If you are the only bidder figure it into job and keep it as profit:thumbsup:


----------



## BDB (Jul 9, 2008)

BBQ you are correct. I was so dumb founded by the number and size they were calling for I did not even think that direction. So they are even dumber then I first posted.


----------



## al13nw4r3LC76 (Apr 6, 2009)

Why do we not run a ground to the service again? At the moment it escapes me.


----------



## erics37 (May 7, 2009)

al13nw4r3LC76 said:


> Why do we not run a ground to the service again? At the moment it escapes me.


The power company gives you phases and a neutral, you bond the neutral at your service gear, and that creates your EGC.

Well, usually at least.


----------



## Gaterhater (Nov 15, 2011)

Absolutely no grounding conductor to service entrance. Poco wants there grounding electrode completely seperate from ours. They have pretty strict guidelines for how may ohms of resistance allowed. That's why they drive their rods so deep. We bond our grounded conductors at point of entrance and drive seperate rods and crap like that. But even if we did have to pull it in, the grounding conductor has to be sized for 2000 amps which is 250 mcm. So engineer is an ass-hat!........ TWICE!


----------



## B4T (Feb 10, 2009)

Gaterhater said:


> Absolutely no grounding conductor to service entrance. Poco wants there grounding electrode completely seperate from ours. They have pretty strict guidelines for how may ohms of resistance allowed. That's why they drive their rods so deep. We bond our grounded conductors at point of entrance and drive seperate rods and crap like that. But even if we did have to pull it in, the grounding conductor has to be sized for 2000 amps which is 250 mcm. So engineer is an ass-hat!........ TWICE!
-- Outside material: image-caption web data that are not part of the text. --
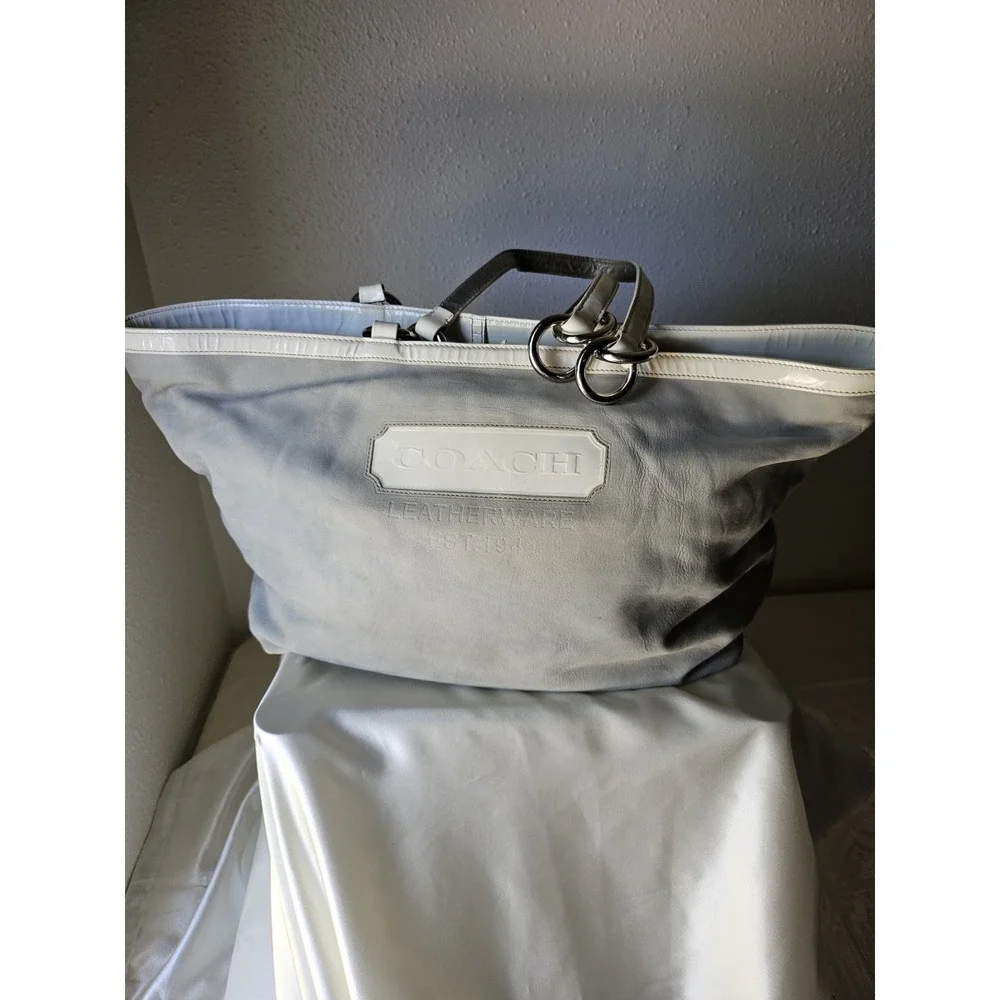 Coach Vintage Suede Tote in Grey and White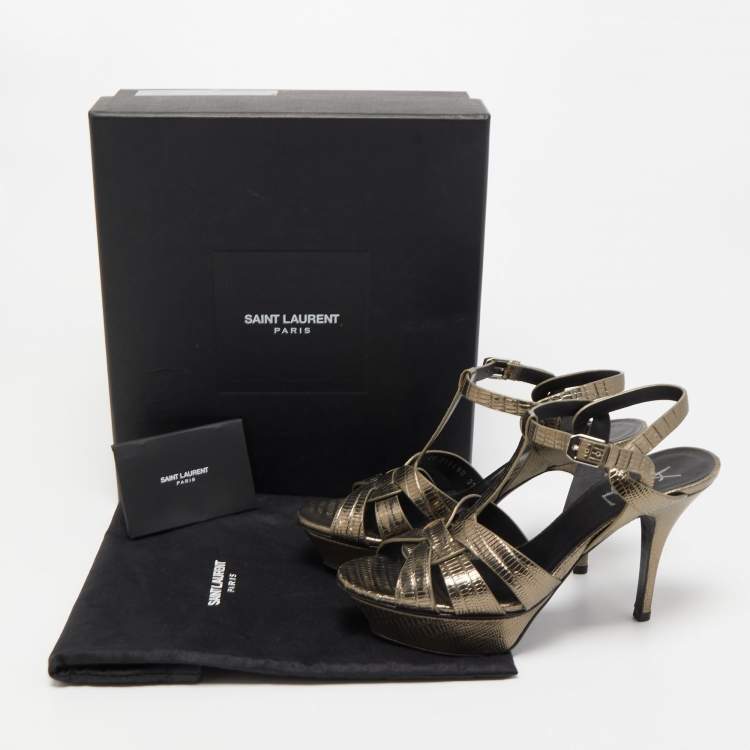 Pre Owned Saint Laurent Metallic Lizard Embossed Leather Tribute Platform Ankle Strap Sandals Size 37.5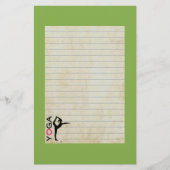 Yoga Pose Silhouette over groene achtergrond Briefpapier (Voorkant)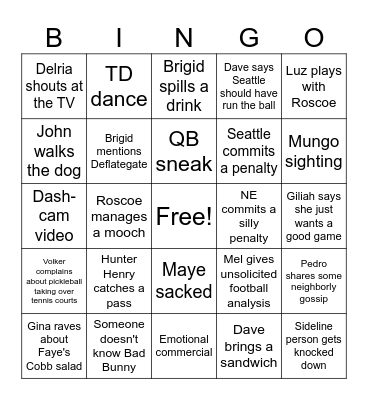Super Bowl Bingo Card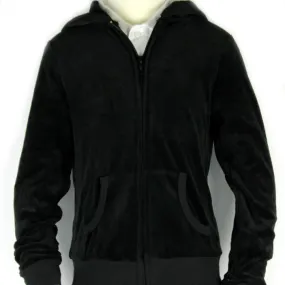 Velour Zip-Up Hooded Sweatshirt Junior Sizes Black With T.A.G. Logo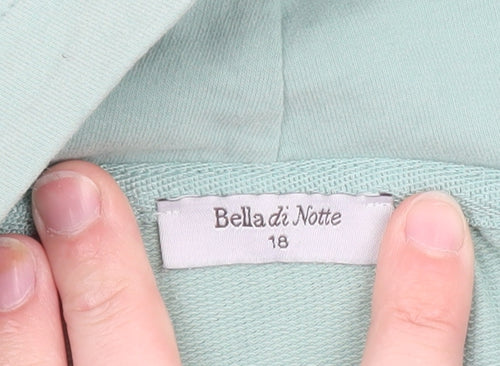 Bella di Notte Women’s Green Pullover Sweatshirt Size 18 Funnel Neck
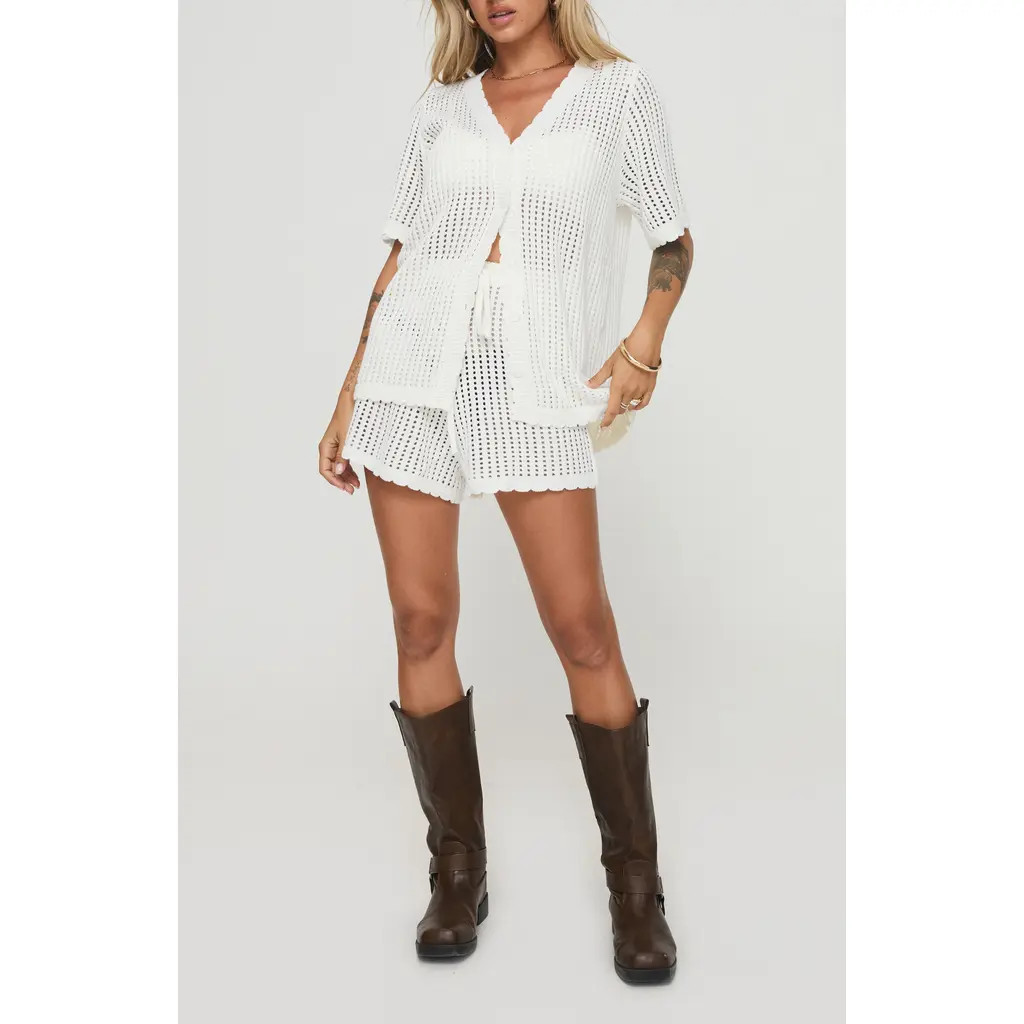 Princess Polly Beach Day Open Stitch Cotton Blend Cardigan & Shorts Set in White at Nordstrom, Size 8 | Nordstrom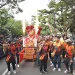 Pertunjukan barongsai dalam kirab budaya peringatan HUT Klenteng Eng An Kiong Malang. (Foto/M Sholeh)
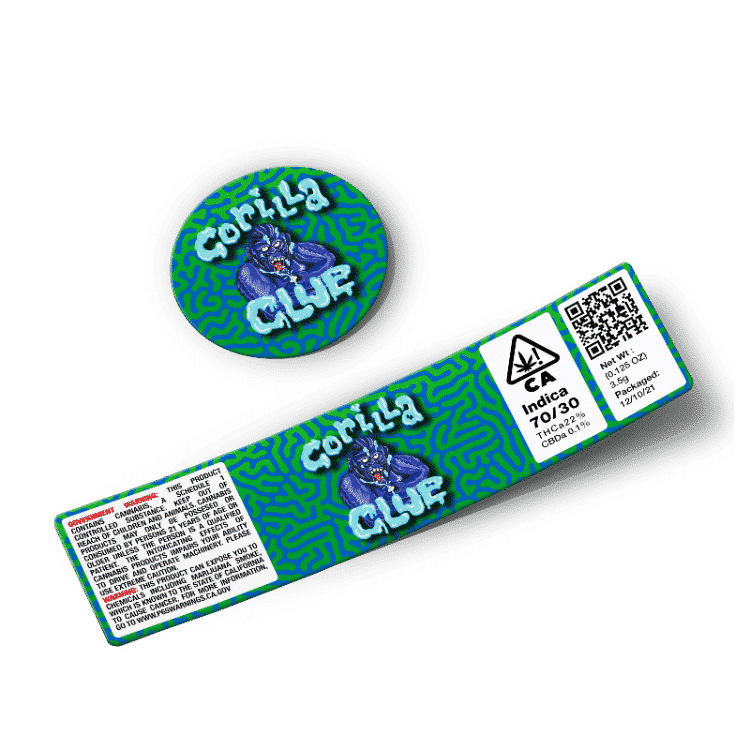 Gorilla Glue Glass Jar Labels Stickers & Labels Strain Labels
Here they spec out the same ground rod.. (8) ft.


----------



## Gaterhater (Nov 15, 2011)

B4T said:


> Here they spec out the same ground rod.. (8) ft.


Here in Florida, maybe because of soil and shallow water table, Poco usually drives theirs between 40-60 feet. I've only had to drive more than 8' one time and that was speced for certain amount of resistance


----------